Penggunaan gas air mata di stadion secara tegas dilarang oleh Federasi Sepak Bola Internasional (FIFA).
Studi neurosains menunjukkan bahwa kepanikan massal berbeda dengan ketakutan pada level personal. Dalam kepanikan massal, dinamika interaksi antarindividu lebih penting dibandingkan emosi orang per orang.

Kerumunan yang panik memicu aktivitas antisipasi dan amplifikasi aksi yang lebih tak terkontrol.
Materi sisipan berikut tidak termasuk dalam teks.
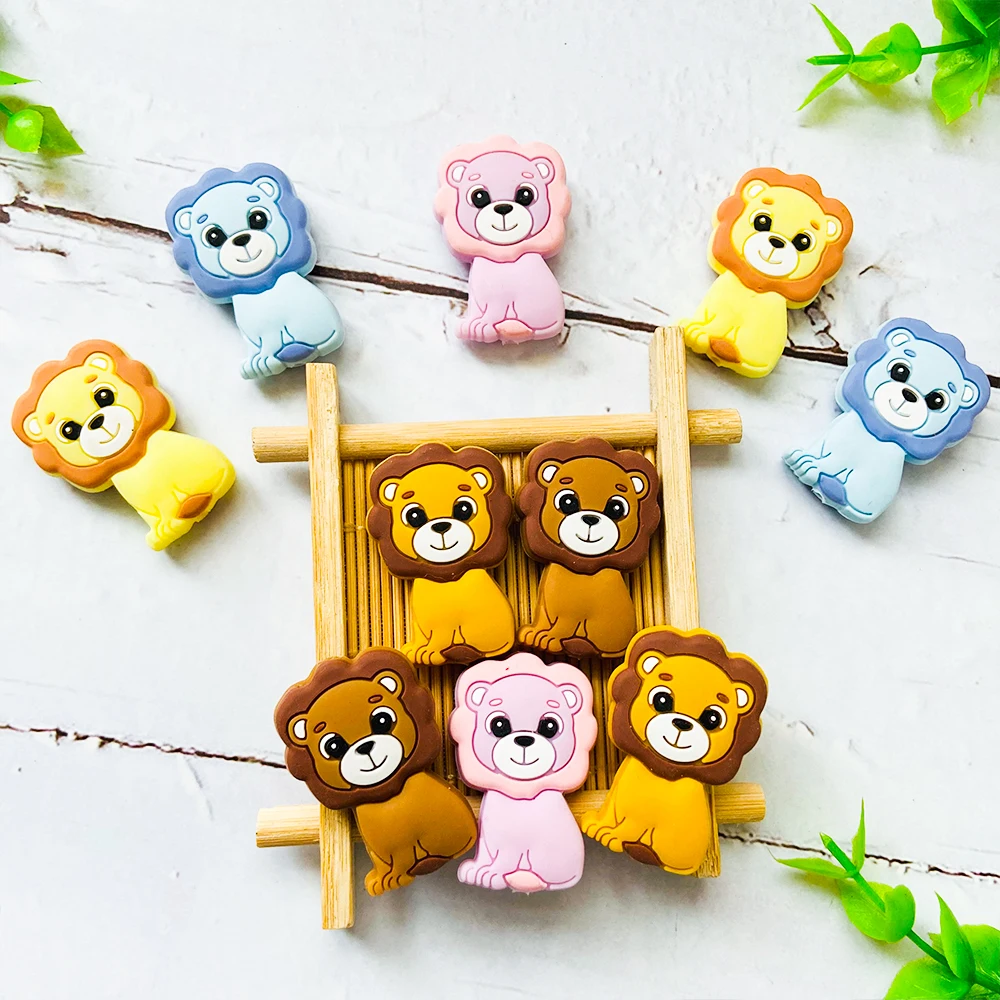 10 шт., силиконовые бусины для – обзор и цена Baby Products Photos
Naluri “selamatkan diri masing-masing”, termasuk PLDDHIS dan perilaku apa pun yang dirasa dapat membantu meninggalkan sumber bahaya menjadi lebih dominan.

Pada beberapa kasus stampede, orang-orang yang selamat mengungkap bahwa mereka tidak dapat melihat atau mendengar apa yang terjadi di hadapan mereka, sehingga secara keliru bergerak maju ke arah pintu yang terblokir.
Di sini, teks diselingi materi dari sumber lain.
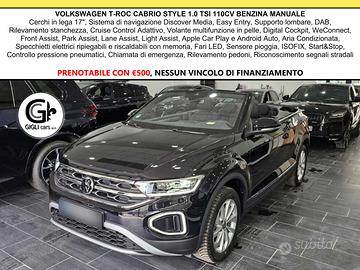 Volkswagen T-Roc Cabrio, Manuale, Neopatentati, Ap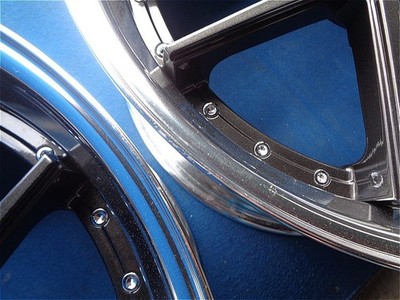 JDM TANABE SSR REINER TYPE-10S 9.5J/+20 PCD 114.3 2-piece set compatib No Tires - Image 2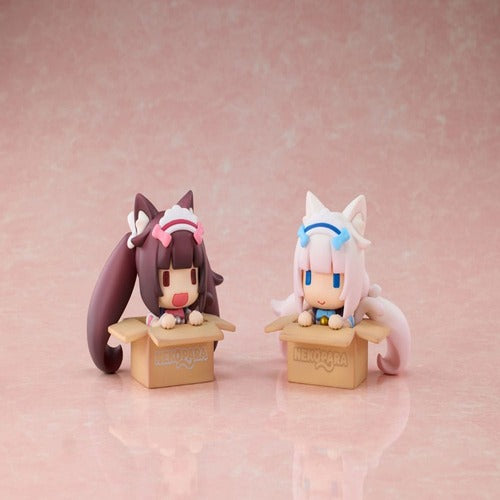Nekopara Chibi Figuren 2er-Pack Vanilla & Chocola 7 cm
Kalkulasi risiko sebelum fakta kejadian (ex ante) dan strategi mitigasi menjadi penting. Sayangnya hal ini sering menjadi disepelekan oleh penyelenggara acara dan stakeholder terkait termasuk petugas keamanan.

Studi kerumunan massal sudah menjadi sebuah disiplin baru dalam Studi Kesehatan Masyarakat – sebagaimana diluncurkan di Majelis Kesehatan Dunia Menteri Kesehatan di Jenewa tahun 2014.
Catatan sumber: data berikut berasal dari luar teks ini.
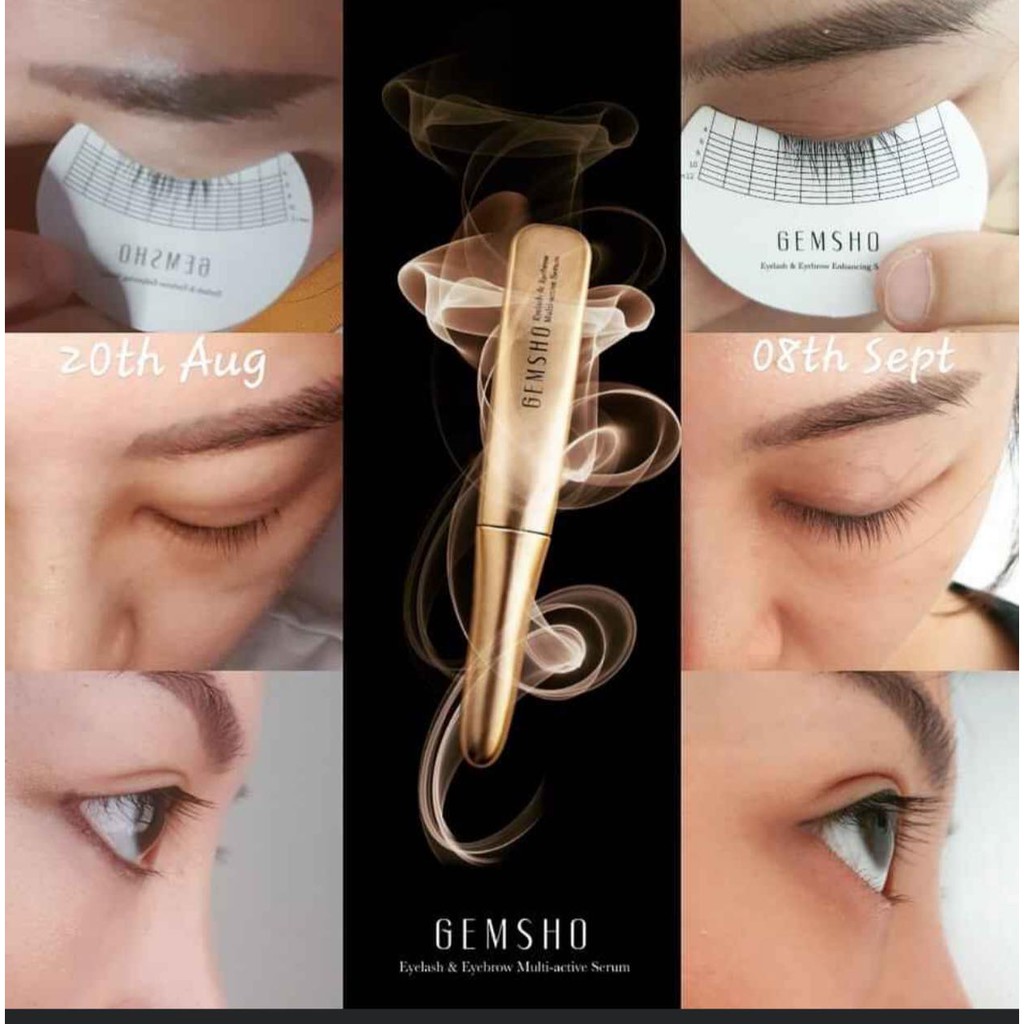 Kích mí Gemsho - giúp mí mọc nhanh và chắc khỏe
Tata kelola kerumunan massal tidak hanya mencakup sistem perencanaan dan pengawasan risiko kesehatan masyarakat. Sebab, kerumunan massal secara intrinsik mengandung ancaman kesehatan masyarakat sehingga membutuhkan penyediaan layanan terkait.

Namun demikian, studi kerumunan massal tidak bisa direduksi sebagai isu kesehatan masyarakat semata. Studi ini seharusnya bersifat interdisiplin, mencakup studi kontrol massa dalam bencana dan kedaruratan, studi kepolisian, studi psikologi massa, studi administrasi publik, dan sebagainya.

Studi kerumunan massal tentunya tidak hanya difokuskan pada fenomena stampede. Risiko-risiko kerumunan massal juga menyasar fenomena-fenomena seperti kegagalan struktur bangunan stadion, terorisme, hingga potensi penularan penyakit menular serta kecelakaan.

Yang menarik, sejak abad ke-21, fenomena stampede sepak bola ini menjadi fenomena negara berkembang. Meningkatnya studi-studi kerumunan massal dari berbagai disiplin ilmu, termasuk neurosains di negara-negara maju pada abad ke-20, setidaknya mampu mereduksi kejadian stampede termasuk di Inggris dan daratan Eropa pada abad ini.

Efektivitas keputusan dalam kontrol massal membutuhkan edukasi dan pelatihan. Pengelola acara massal seperti PSSI maupun petugas keamanan dan para penyedia jasa keamanan publik hendaknya memahami tentang perilaku massa dan akibat dari potensi agresi petugas seperti ekses dalam penggunaan gas air mata.

Densitas kerumunan misalnya, harus dipertimbangkan dalam perumusan solusi. Ketika suatu kerumunan tidak terlalu padat, informasi dari rambu-rambu, indikator penunjuk arah, dan peta cukup efektif sebagai panduan bagi pergerakan manusia. Ketika densitas ini meningkat, intervensi dari personil yang terlatih amat dibutuhkan.

Kami berharap ada studi forensik yang komprehensif dalam kasus Kanjuruhan, termasuk dari sudut pandang psikologi massa untuk menyusun mitigasi potensi bencana stampede pada masa yang akan datang. Trouble never sends a warning. Even worse, if you delay more, you are going to spend even more.

Masalah muncul tanpa peringatan. Parahnya lagi, jika Anda menunda lebih lama, Anda harus menanggung ongkos lebih besar.

Kita perlu memastikan bahwa tragedi seperti di Kanjuruhan tidak boleh terulang. Selain aparat hukum harus mengusut kasus ini hingga tuntas dan terang, ke depan penyelenggara acara massal dan aparat keamanan harus menghitung risiko sebelum acara dan membangun strategi mitigasi untuk mencegah terjadinya stampede.